--- Assignment ---
Look through the material below and copy exactly the lines from the line with "Monotropa hypopitys" to the line with "13125 Seaman Road", those two lines included.

--- Input ---
━━━━━━━━━━━━━━━━
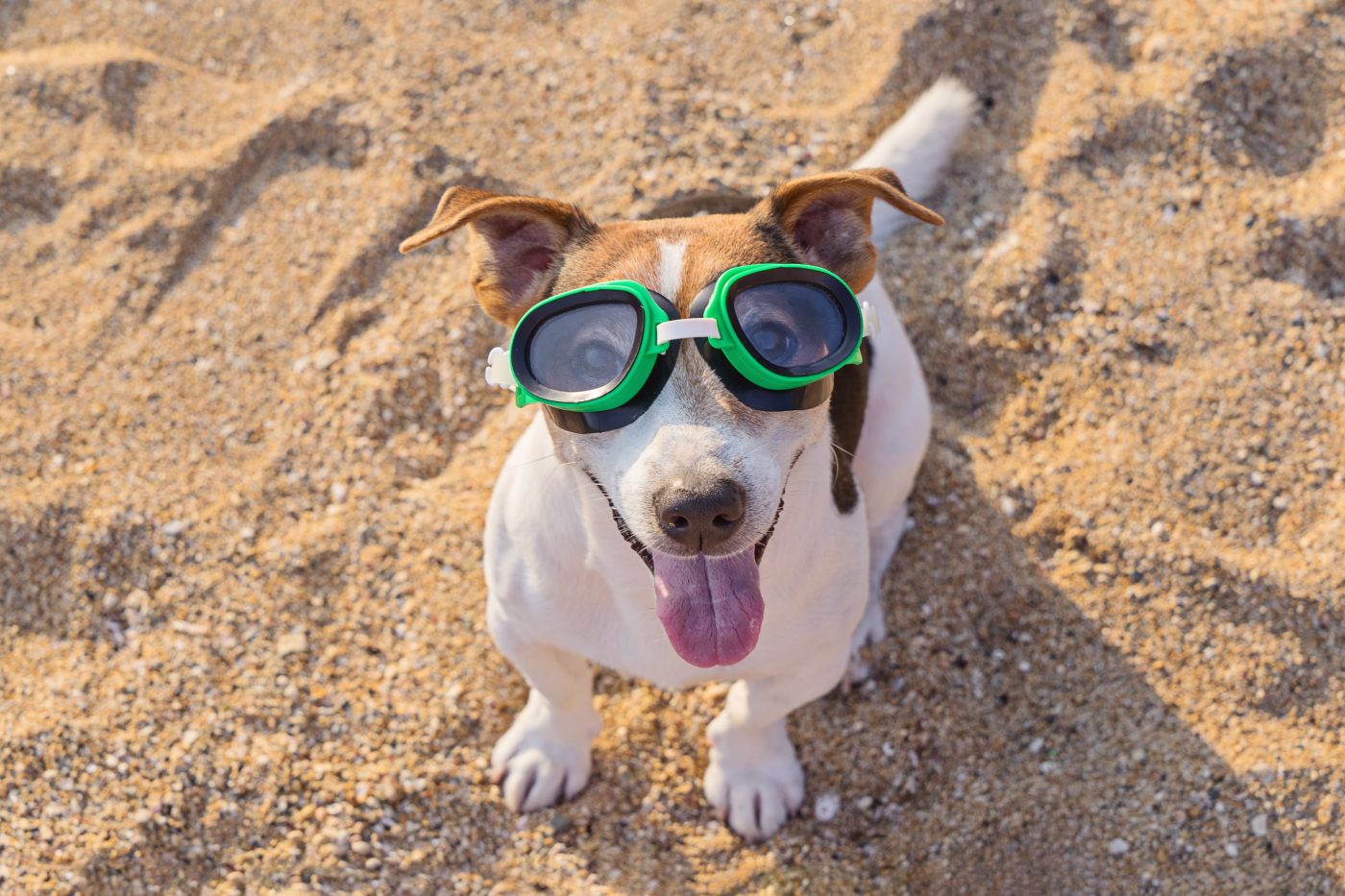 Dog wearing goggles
━━━━━━━━━━━━━━━━
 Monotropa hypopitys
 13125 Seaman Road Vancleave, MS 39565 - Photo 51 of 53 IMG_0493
━━━━━━━━━━━━━━━━
--- Output of the task ---
 Monotropa hypopitys
 13125 Seaman Road Vancleave, MS 39565 - Photo 51 of 53 IMG_0493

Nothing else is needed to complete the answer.